Protecting Our Most Natural Environment
Protecting Our Most Natural Environment

by Matt Broughton, Technology Learning Coach & UE Group Supervisor

The young YIS Underwater Explorers (UE) service group is a popular and adventurous collection of high school students who want to protect the beauty of the oceans and educate our community about the state of what French freediver and conservationist, Jacques Mayol, called "our most natural environment".

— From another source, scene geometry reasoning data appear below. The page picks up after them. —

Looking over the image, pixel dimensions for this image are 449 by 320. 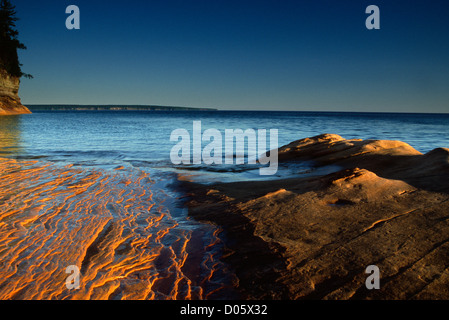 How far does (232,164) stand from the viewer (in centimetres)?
1015

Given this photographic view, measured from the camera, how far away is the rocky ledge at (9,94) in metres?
45.6

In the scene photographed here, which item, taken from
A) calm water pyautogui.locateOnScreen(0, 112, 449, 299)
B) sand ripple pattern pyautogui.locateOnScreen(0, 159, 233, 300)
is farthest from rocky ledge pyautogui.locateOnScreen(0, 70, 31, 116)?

Diving as en expedition at YIS started in 2008 when mathematics teacher Sergio Mejia, also a dive instructor, initiated the program allowing students earn their open water or advanced certification. They initially went to the Izu Peninsula annually, but also ventured to Guam to expand their horizons. Okinawa has been the trip's destination since 2011. The UE service club, which started last year under my supervision, gives students the opportunity to further develop their diving and put those skills to use to benefit society. The student-led group aims to understand and contribute to the conservation of the aquatic environment in Japan and greater southeast Asia by working with the organization Project Baseline to survey, record and share data about local ocean conditions. A major part of this effort is to educate the YIS community about the state of the ocean.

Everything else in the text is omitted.